Woe began to betide the nationhood moment the founding fathers, who deployed all in their mental and material arsenal to achieve independence disembarked on the lofty goal of building a sturdy nation and resort to provincial pursuits to the hurt of the healthy whole. The poignant words of Godwin Ehiarenkhian Oboh, Nigeria’s sterling communication veteran capture the feeling: “Nigerian Nationalists became conscious of representing the interests of their ethnic nationalities even at the detriment of national interests. This turn of events in the nation’s politics was so dramatic that one could hardly imagine that the same politicians collectively fought for the political independence of the country from the control of British Government.”
The ironies are rife. They live with us. They often push us to the consternation that the same Nigeria whose offsprings fought the white invaders and succeeded cannot heal herself of domestic ailments even after 50 years of self governance. There are soiled seedlings of mutual suspicion and it’s allied which produce ethnic jingoists where genuine nationalists and patriots should be. The seedlings germinate overtime and translate themselves to elements of vices in us. These elements are the true devourers of MKO and his standing.

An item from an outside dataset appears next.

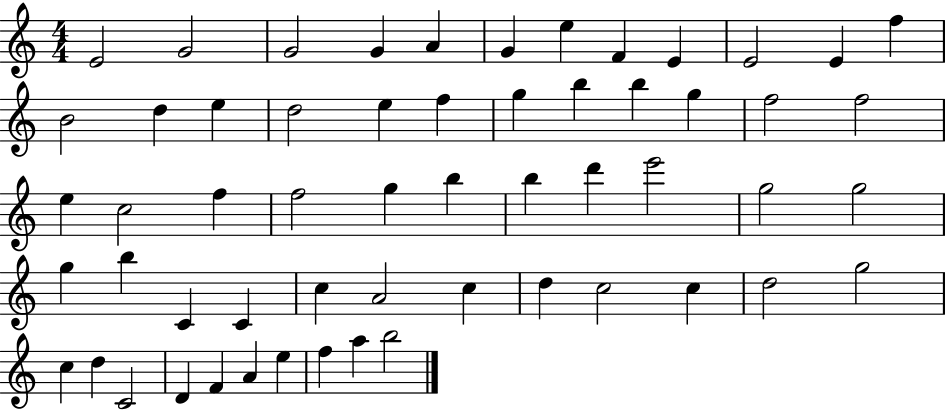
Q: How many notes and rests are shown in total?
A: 57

This is how the thread of seedlings ran through the annals of governance. 1993 political malaise was no opposite of 1964 sweeping electoral fraud that severely hurt the political footing of the country; it replicated, if anything, the hearty hate and rivalry between the North and Eastern folks (in khaki pretence) which birthed the war that consumed millions of defenceless women and children, and widened the gulf. 1993 debacle wears no different garb from Shehu Shagari’s midwifery of 1983 electoral fraud which destroyed the second Republic’s democratic effort. Abiola was another victim of a county’s penchant for perfidy, just as Chief Samuel Ladoke Akintola, Alhaji Ahmadu Bello, Sir Abubakar Tarawa Balewa, Chief Alfred Rewane, Kudirat Abiola and others. The difference was in the space of time.

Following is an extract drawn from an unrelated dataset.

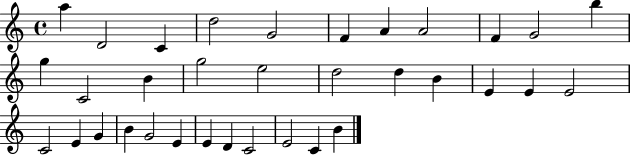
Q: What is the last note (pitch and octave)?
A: B4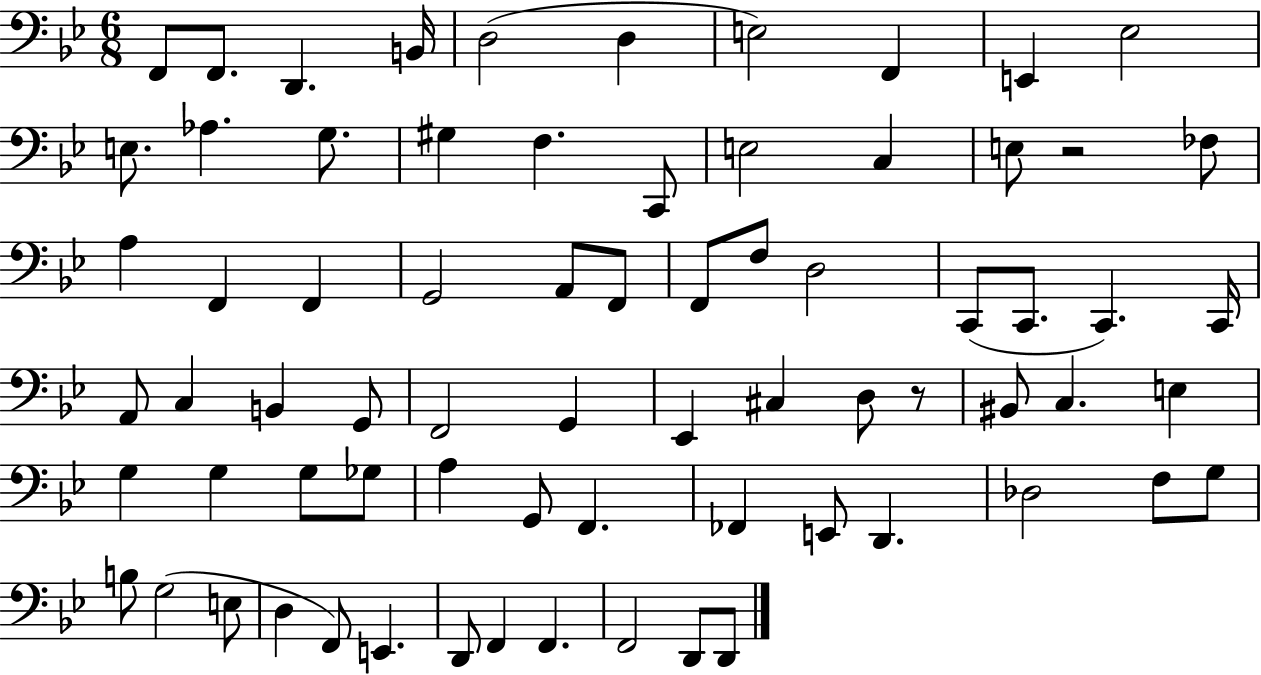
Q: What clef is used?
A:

The devourers are still with us. The elements live in us. They thrives on futile logic of jingoism and putative struggle for superiority which form the paraplegia that eats at the soul of the country. They manifest in various portraits. The elements spur Abiola to declare himself President and Commander – in- Chief on a slippery ground, motivated brethren betrayal and caused General Abacha to rule Nigeria as in jungle.
General Ibrahim Babangida, whose government aborted the 1993 democratic endeavour is an example of the sickly leadership whose weight strains a nation that trudges. Today’s ritual marks the 24th anniversary of the political experiment that the Are Ona Kakanfo of Yoruba land his wealth, worth and even life. What has changed? Nigeria still parades leaders who pay little attention to nationalism, self -seeking leaders who are wont to accumulate crude wealth and watch the masses wallow in unimaginable lack, ethnic rivalry that slackens bond and brotherhood, party politics that lacks definitive ideology, electoral cheats and highly demotivated citizenry.
This memory does not necessarily mean Abiola ‘s travails. It’s a nation’s travails. It’s a fork in the country’s sojourn to difference. Even 24 years after the annulment that shook the country to its foundation, it’s either the compass or the captains are incompetent or both have to be dropped for saner devices. As it’s, the nation is struggling to get its of own spellings correctly, just as the spellings of June 12, 1993 that define today’s date.